You may notice that leaving out ..start: won't keep NASM from assembling a program, and while the linker will complain about the lack of a starting point, the linker will default to starting execution at the beginning of the code segment-which in our case is the only code segment, so there's no ambiguity there.

Nonetheless, it's bad practice to leave out the starting point label.

Assembling and Linking EATSEG.ASM

Although NASM can generate a .COM file (for a real mode flat model program) directly, it can't generate a .EXE file for a real mode segmented model program in the same way. Once you move away from a single segment in real mode flat model, NASM needs the help of a linker to generate the final .EXE file.
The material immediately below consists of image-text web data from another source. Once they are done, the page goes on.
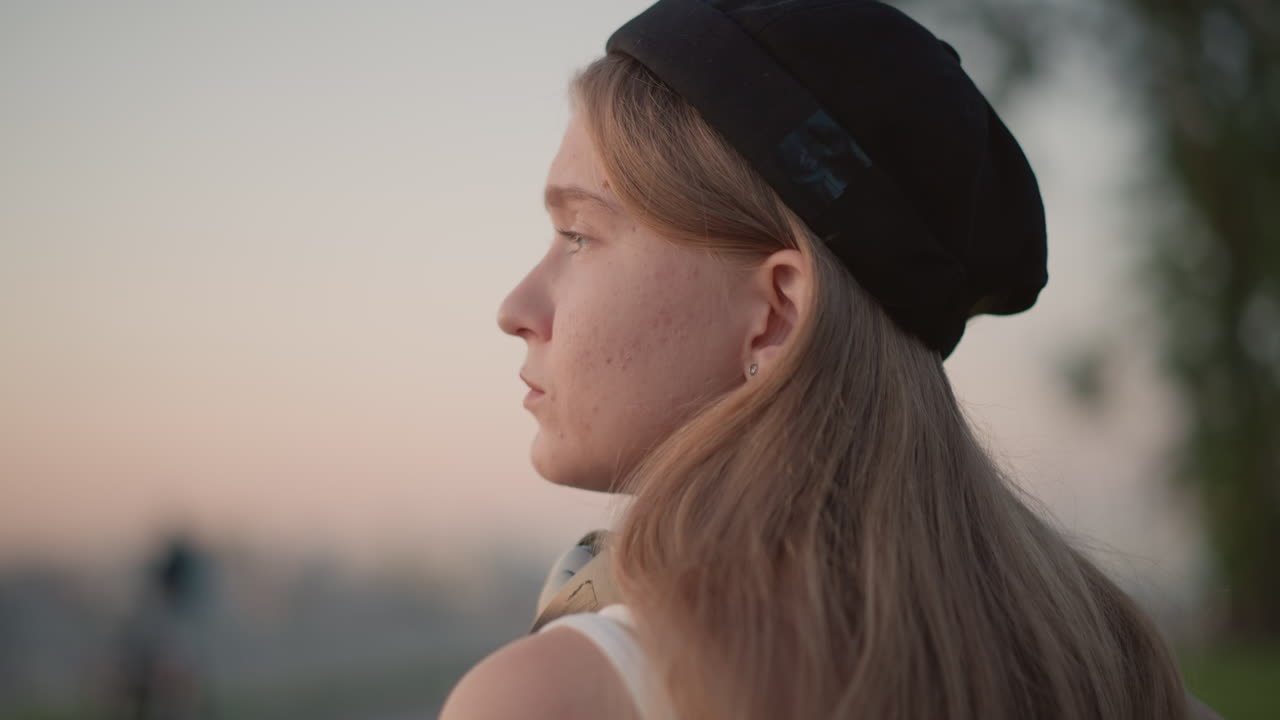 Uno sguardo allo skyline serale di un escursionista caucasico che legge, poi alza lo sguardo di profilo, cuffie intorno al collo, stato d'animo contemplativo, orizzonte distante, cielo dai colori pastello tenui, tranquilla pausa di riflessione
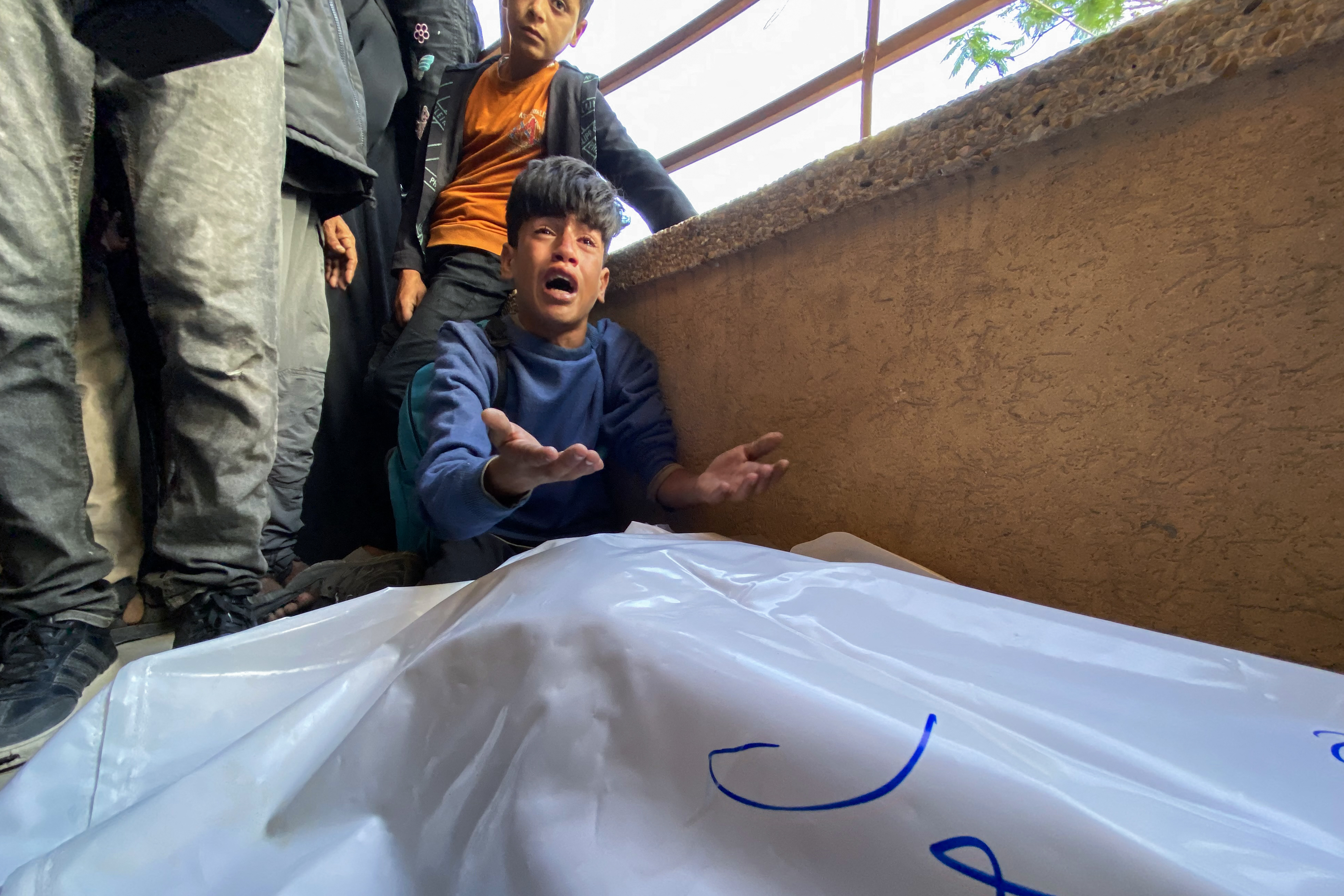 Palestinians mourn by the bodies of relatives killed by Israeli fire near an aid site in Rafah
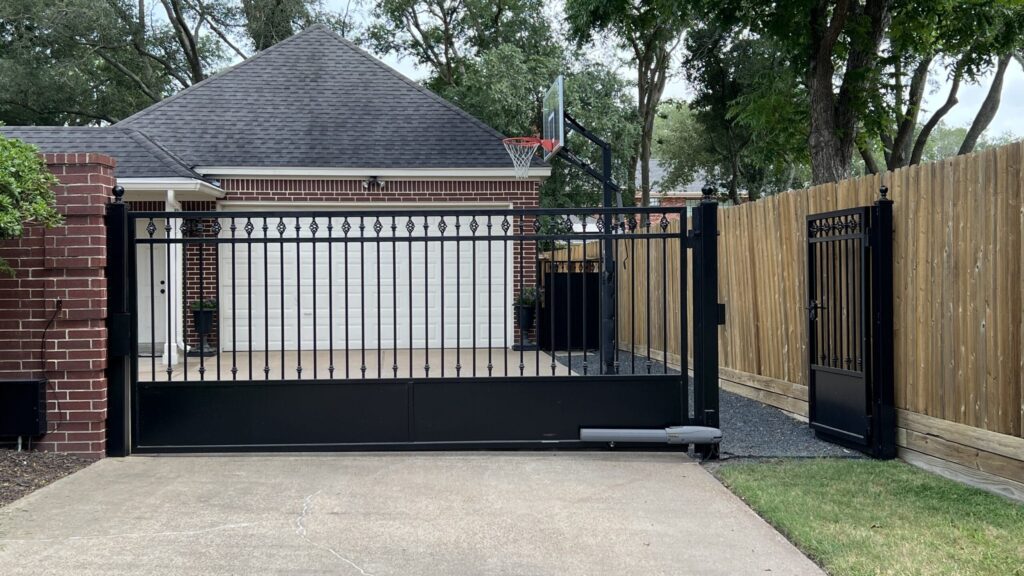 Black iron driveway gate and matching pedestrian gate automated with a Viking operator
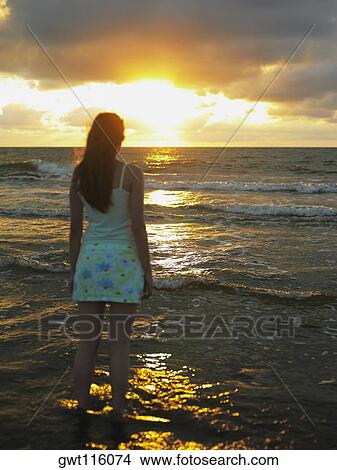 Picture - Rear view of a teenage girl standing on the beach. Fotosearch
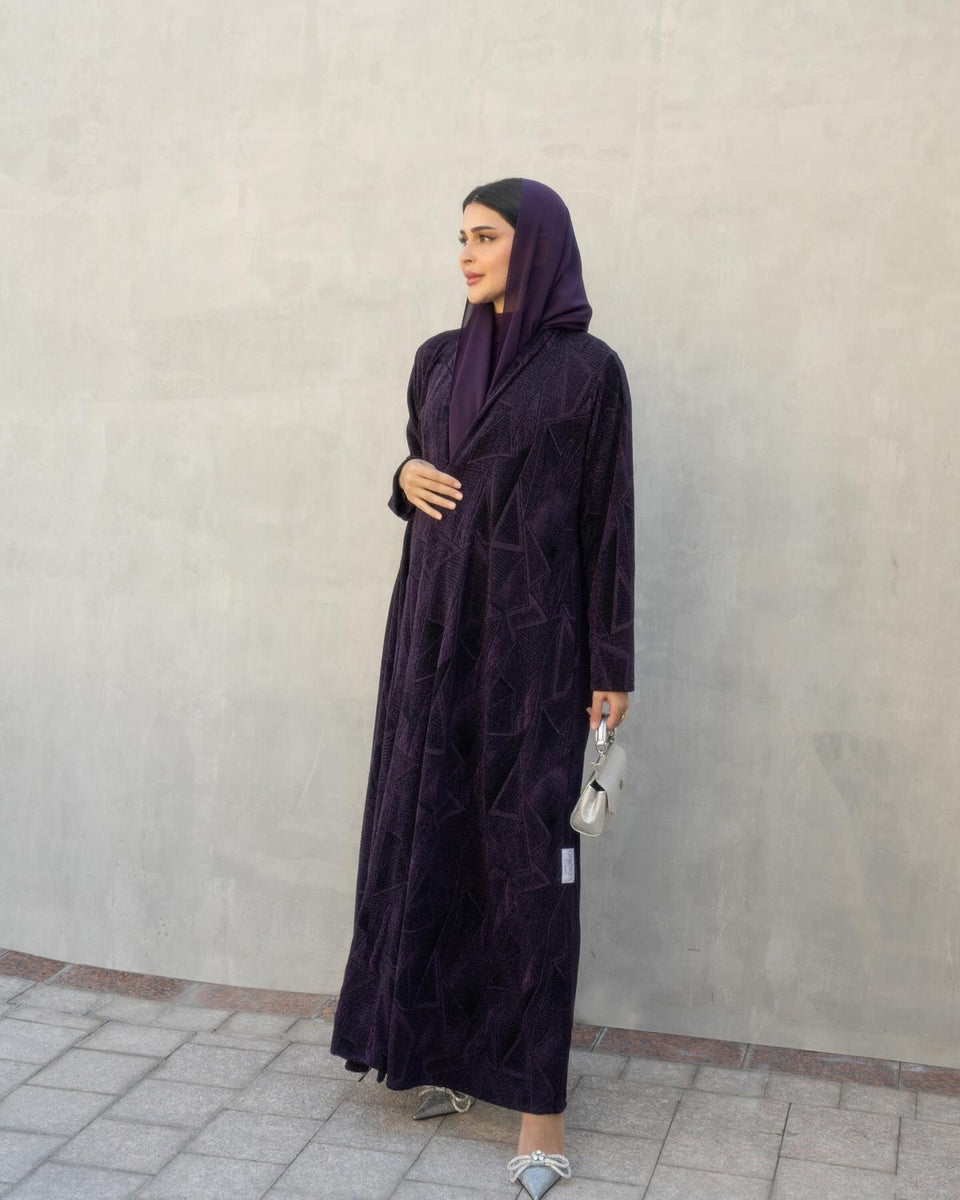Purple textured abaya styled outdoors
I've obtained permission to distribute an excellent free linker with this book's CD-ROM. The linker is ALINK, written by Anthony Williams. It's on the CD-ROM, and if you copied the executable file ALINK.EXE to your hard drive along with everything else, you can invoke it simply by naming it.

NASM-IDE was intended for writing programs in real mode flat model, so it relies exclusively on NASM and does not have any machinery for invoking a linker. That means that NASM-IDE won't be able to do the assemble and link tasks for us. It's time to face the fiendish command line.

If you're working from DOS you can simply assemble and link from the DOS command line. If you're working with NASM-IDE in a DOS box under Windows, it's probably easier to "shell out" to the DOS command line from inside NASM-IDE. This is done by selecting the menu item File|DOS Shell. You will see NASM-IDE vanish and be replaced by a blank screen with the DOS prompt. When you're done with the DOS shell, type EXIT followed by Enter to return to NASM-IDE.

Assembling EATSEG.ASM is done with the following command line:

C:\>NASM16 EATSEG.ASM -f obj -o EATSEG.OBJ

This command line will assemble EATSEG.ASM to the file EATSEG.OBJ, in the standard .OBJ linkable file format. Linking is even easier:

C:\>ALINK EATSEG.OBJ

Here, ALINK will convert EATSEG.OBJ into EATSEG.EXE. I explain more about linkers and what they do in the next chapter. Here, ALINK is acting more as a file format converter than anything else, since there's only one file to be linked. Later on, we'll see how ALINK can connect multiple .OBJ files into a single executable file.

After ALINK runs, you'll have the file EATSEG.EXE on your hard disk. That's the file that you can name at the DOS command line to run EATSEG.